18-01-2021, 14:06
|
#113 |
Administrator | Pułapka była, na szczęście Aabidah i Bahadur zdążyli ją zauważyć - na szczęście dla Laveny, bo trudno było sądzić, by budowniczowie grobowca obsypali nieproszonego gościa złotem czy różami.
No ale wystarczyło zrobić większy krok i zostawić pułapkę za plecami.
Wnętrze grobowca... Cóż... Nie robiło najlepszego wrażenia. Prawdę mówiąc można było sądzić, iż budowę przerwano w połowie, a to by znaczyło, że nie tylko nie ma tu żadnych ciekawych przedmiotów, ale - przede wszystkim - nie ma tu sarkofagu.

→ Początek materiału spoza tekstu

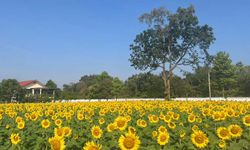 ทุ่งดอกทานตะวันโคราช บานสะพรั่งเต็มพื้นที่กว่า 100 ไร่ สวยอลังการ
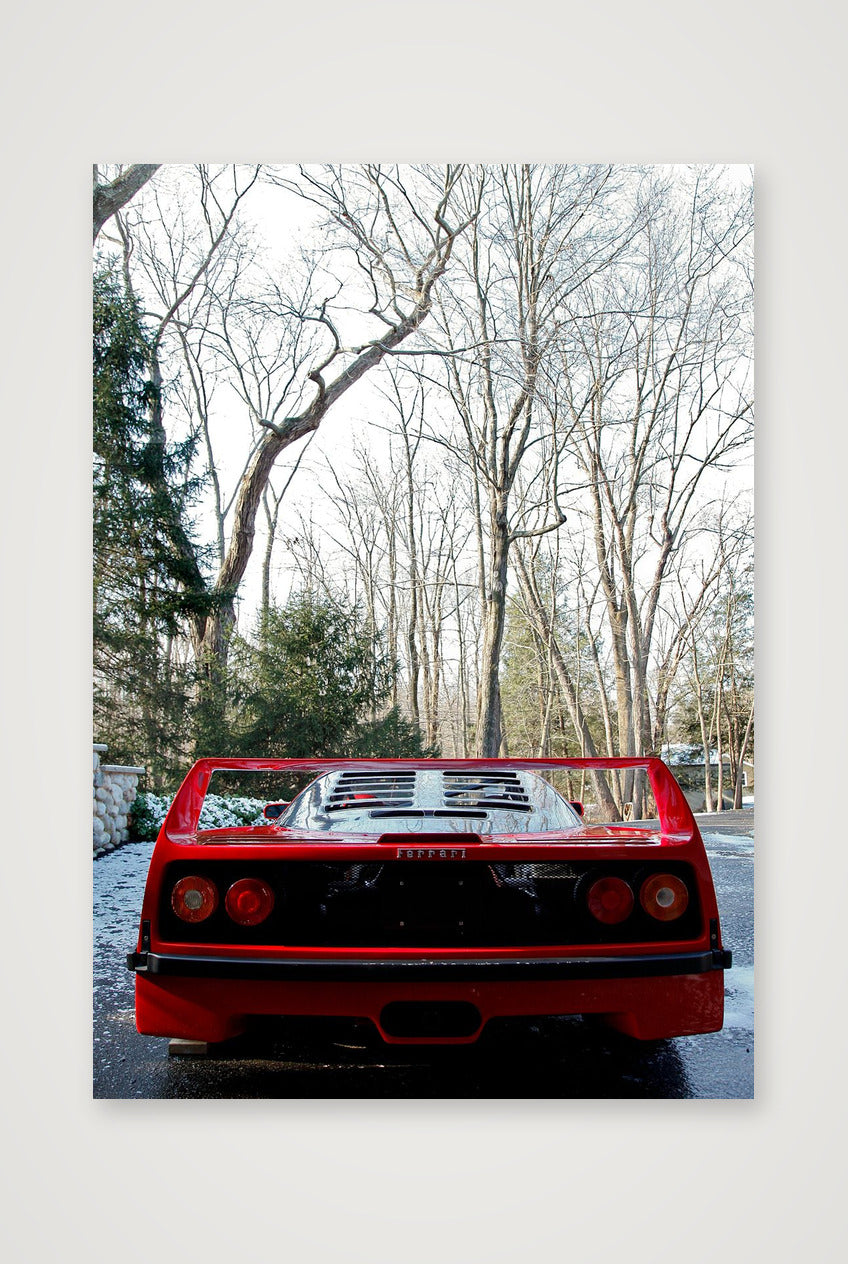 F40 — A4 (21×30cm, 8×12") Print only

Nie wszystkie pomieszczenia zostały przeszukane, gdy z jednego z korytarzy wyskoczyły dwa przerośnięte robale. Wielonogie, mało sympatyczne i jadowite na dodatek. Nie wyglądało na to, by dało się z nimi dojść do porozumienia, zatem Jasar strzelił do najbliższej skolopendry. Bełt wbił się na całą długość...
To oczywiście nie wystarczyło, by powalić wija, ale kompani przyłożyli się do dzieła i w końcu jeden z robali padł.
Drugiego Jasar potraktował odrobiną ognia.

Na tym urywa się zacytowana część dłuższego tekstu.